A Look Inside Your Camcorder's Imaging System

Your camcorder's inner workings may seem impossibly complicated, but there's really nothing inside that should scare you. It's really just a collection of theoretical smoke and a couple of actual mirrors (and maybe a prism and a dichronic filter if you've got a really cool camcorder).
Let's take a look at the lens, the f-stop, CCD and iris. Along the way, you'll learn how they work and how that knowledge can help you take control over the quality of the images you record to tape.

The Lens and the Iris

Much like your eye, a camcorder has a lens and an iris. The lens is a piece of glass that focuses light onto a small series of mirrors and has the ability to change its focal length (zoom in and out). The mirrors bounce light onto the CCD, which converts the light into an electronic signal that is recorded to tape.

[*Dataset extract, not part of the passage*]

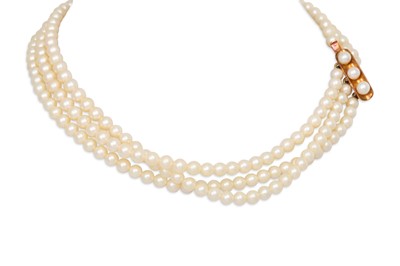 Lot 15 - A TRIPLE ROWED CULTURED PEARL CHOKER NECKLACE,...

In the case of DV, that information is recorded to tape (or disc) as digital code.
Between the lens and mirrors is the iris. It acts much like the iris in your eye, which dilates (opens wider) when light is dim and contracts into a smaller opening when light is plentiful. The iris in your eye adjusts automatically. Many camcorders allow you to adjust the aperture manually.
A side effect of opening or closing the iris is that the depth of field will change. Depth of field describes the area that is in focus in front and behind your subject (see Figure 1). The iris changes the depth of field depending on the amount of light it lets through. Closing down the iris (higher f-stop numbers, smaller opening) lets less light into the camera and simultaneously lengthens the depth of field. As the iris is opened up, allowing more light in, the depth of field shortens. You've observed shallow depth of field if you've ever seen a shot where the subject is in crisp focus while the background just a few feet away is blurry. A shot of a person standing in a field with a mountain far behind them with both the person (subject) and the mountain in sharp focus illustrates a long depth of field. Where a long depth of field can be miles, a short depth of field may be fractions of an inch. To change or manipulate the depth of field with your lens and iris, you need to understand what each will do to expand or shrink the depth of field.
The lens shortens the depth of field as you shorten the focal length (zoom in). Conversely as you zoom out, the depth of field will lengthen. The shutter also works in conjunction with the iris. If you close down the iris you can slow the shutter speed to allow light to hit the CCD longer. If you open up the iris, you must speed up the shutter to restrict the amount of light on the CCD.

The CCD

The CCD (Charge Coupled Device) converts light that enters the lens of the camcorder into an electrical signal. It is a light-sensitive receptor (kind of like the retina in your eye) that reads the intensity of the light on each of its receptor cells, or pixels. In most consumer camcorders, a single CCD handles all the imaging, capturing the whole visible spectrum. It uses a multi-colored filter to add color into the video signal.
Some camcorders use three CCDs. With a prism (see Figure 2) and a dichronic filter, the light is broken down into its component parts of red, green and blue. Each CCD captures a separate color and, when added together, composes the full image. (see the It Takes Three CCDs to be a Pro sidebar).